Sucede cuando el sueño se aleja, desvencijado entre las luces y los susurros del alba. Entonces me doy vuelta y alargo la despedida, aferrada a una ausencia cuya presencia me lastimará, pero mucho más tarde.
Mientras, descanso en la comisura de un tiempo vacilante.
Te siento tal como antes, como casi todos los días, en esa zona franca del despertar incipiente que habilita un brevísimo tiempo de milagros. Y me digo que es una suerte que estés ahí, arropando el silencio de la noche en fuga.
¿Nunca te fuiste… ?
Arrastro pesares que no cierran y resulta que sigues allí, al amparo de la última estrella y resistente a las claridades que ofrenda el horizonte.

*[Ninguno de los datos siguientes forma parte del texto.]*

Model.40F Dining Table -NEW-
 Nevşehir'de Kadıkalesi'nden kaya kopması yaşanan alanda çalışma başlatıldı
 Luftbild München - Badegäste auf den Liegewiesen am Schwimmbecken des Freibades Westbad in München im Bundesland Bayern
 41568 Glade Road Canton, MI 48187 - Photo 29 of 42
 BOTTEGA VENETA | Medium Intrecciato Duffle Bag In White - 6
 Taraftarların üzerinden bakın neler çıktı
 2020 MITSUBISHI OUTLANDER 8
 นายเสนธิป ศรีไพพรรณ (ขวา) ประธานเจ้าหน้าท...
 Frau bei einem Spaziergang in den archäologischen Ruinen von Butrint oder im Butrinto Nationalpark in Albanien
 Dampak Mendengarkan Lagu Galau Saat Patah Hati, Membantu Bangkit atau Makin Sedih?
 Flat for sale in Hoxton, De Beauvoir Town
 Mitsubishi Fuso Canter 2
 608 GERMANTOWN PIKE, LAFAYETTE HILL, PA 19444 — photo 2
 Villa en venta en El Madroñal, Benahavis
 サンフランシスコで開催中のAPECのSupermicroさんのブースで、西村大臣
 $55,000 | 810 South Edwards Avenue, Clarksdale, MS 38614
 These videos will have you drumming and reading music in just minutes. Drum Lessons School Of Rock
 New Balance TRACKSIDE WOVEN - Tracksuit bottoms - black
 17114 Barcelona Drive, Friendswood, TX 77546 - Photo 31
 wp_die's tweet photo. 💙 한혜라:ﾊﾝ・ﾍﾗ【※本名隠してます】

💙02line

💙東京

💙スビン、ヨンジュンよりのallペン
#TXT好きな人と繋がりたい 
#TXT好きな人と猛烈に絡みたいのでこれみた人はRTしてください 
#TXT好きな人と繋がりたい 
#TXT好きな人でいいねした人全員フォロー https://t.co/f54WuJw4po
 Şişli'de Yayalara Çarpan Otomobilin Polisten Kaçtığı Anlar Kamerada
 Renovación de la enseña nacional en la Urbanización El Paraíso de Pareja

¡Ah, cuánto siento haberme recluido en soledades artificiales! No te imaginas cuánto...
Pero lo importante es que sigues acá.
Los párpados me pesan doblegados por tu ternura y, con placidez, se acomodan en la duermevela de una canción de cuna… Me abandono en la abertura a medio camino entre la vigilia y el sueño que, por primera vez, no me importuna.
Todavía no sé.
No deseo saber.
Estiro las manos y te llamo, como cuando estabas y yo sólo conocía certezas. "Ya verás que todo irá mejor a partir de hoy", me dirás. Y yo te creeré.
Me gusta llamarte. Me gusta mi voz cuando te nombra. Me gusta la ventana y el olor de las fresias, justo el de tus manos cuando tocas mi hombro. Giro hacia la luz, por fin abro los ojos, buscándote… Y recapitulo bruscamente.
Es el turno de las lágrimas.
Vuelvo a llamarte pero no respondes. De pronto te has ido.
¡Otra vez el ritual que me entrega expugnable a las ferocidades de la realidad!
Y comprendo.
Me ha regido la extraña rosa de los vientos del renuevo de lo viejo.
Pero soy dócil, sostengo la decepción.
Hay otras vidas de este lado. Debo irme.